Czym więc Lechia może zaskoczyć Rapid? Gdańszczanie, tak jak mówi piłkarz SK Bischofshofen, mogą zyskać przewagę, dzięki terminarzowi. Decydujący mecz odbędzie się w Polsce, a ostatnia przygoda Lecha Poznań w Lidze Mistrzów pokazała, jak ważne jest granie o awans w znanych warunkach i na własnych zasadach. Mimo zaliczki, Kolejorz poległ w Azerbejdżanie. Jeśli Biało-Zieloni osiągną w Wiedniu dobry rezultat, rewanż może być prostszy. Tym bardziej, że na stadion będą mogli wejść gdańscy kibice. W niedawnym domowym spotkaniu z Akademiją Pandew na trybunie zielonej działy się dantejskie sceny, które zmusiły sędziego do przerwania zawodów. Ostatecznie mecz został dokończony, ale było pewne, że klub dostanie pokaźną karę. Ostatecznie UEFA postanowiła, że Lechia zapłaci 50 tysięcy euro grzywny i dostanie wyrok „w zawieszeniu”. Przez dwa lata będzie obowiązywać tzw. okres próby. Jeśli ponownie dojdzie do jakiegoś incydentu, europejska organizacja automatycznie będzie kazała zamknąć stadion na jeden mecz w rozgrywkach UEFA.
Ważna też będzie indywidualna forma poszczególnych piłkarzy. Jak na razie w eliminacjach fantastycznie radzi sobie Flavio Paixao, który ma na koncie już trzy gole. Duże znaczenie ma też rola Łukasza Zwolińskiego, którego zabrakło w Płocku i było to odczuwalne szczególnie w okresie finalizacji akcji pod bramką przeciwnika. Lechia potrafi rozgrywać dobre spotkania, w dwumeczu z Akademiją, a nawet w spotkaniu z Wisłą, było wiele obiecujących fragmentów, które teraz trzeba poskładać i odpowiedzialnie zagrać z Rapidem. Odpowiedzialnie nie znaczy oczywiście zachowawczo, lecz rozsądnie oraz w przemyślany sposób.
– Lechia może zaskoczyć Rapid stabilnością. Ma w ataku nieśmiertelnego Flavio Paixao. Do tego są nieźli skrzydłowi, w środku pola grają dobrzy zawodnicy, bramkarz też jest lepszy. Tak jak powiedziałem, nie skreślam Lechii i uważam, że poziom między oboma zespołami jest podobny. Doświadczenie i „otrzaskanie” z pucharami jest przewagą Rapidu, ale w tym dwumeczu wszystko się może zdarzyć. Lechia nie jest na straconej pozycji – przekonuje Kapsa.

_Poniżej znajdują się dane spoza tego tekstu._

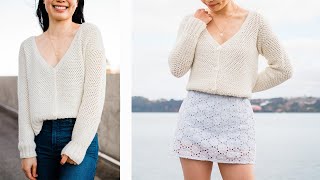 Button Down Crochet Cardigan  How to crochet a cropped vneck cardigan for fall [upl. by Eelrihs]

Byłego bramkarza Biało-Zielonych zapytaliśmy również o przewidywania na to starcie.
– Z optymizmem podchodzę do starcia z Rapidem. Kibicuję Lechii i bardzo głęboko wierzę, że drużyna z Gdańska jest w stanie daleko zajść w Europie. Marzeniem jest faza grupowa. Ja zresztą zawsze trzymam kciuki za Polaków czy polskie zespoły w pucharach, które reprezentują nasz kraj na arenie międzynarodowej. W rankingu ligowym nie jesteśmy najwyżej. Nawet na przykładzie Austrii można powiedzieć, że jest jeden Red Bull, który dobrze gra, dzięki czemu nabija punkty całej lidze. Tym drużynom, które zajmują niższe miejsca, jest łatwiej awansować do kolejnych rund ze względu na wysoki współczynnik. Dlatego generalnie ja kibicuję całej polskiej piłce i wszystkim klubom, które grają w Europie – kończy Paweł Kapsa.
Pierwszy gwizdek w meczu Rapidu z Lechią dziś o godzinie 19:00.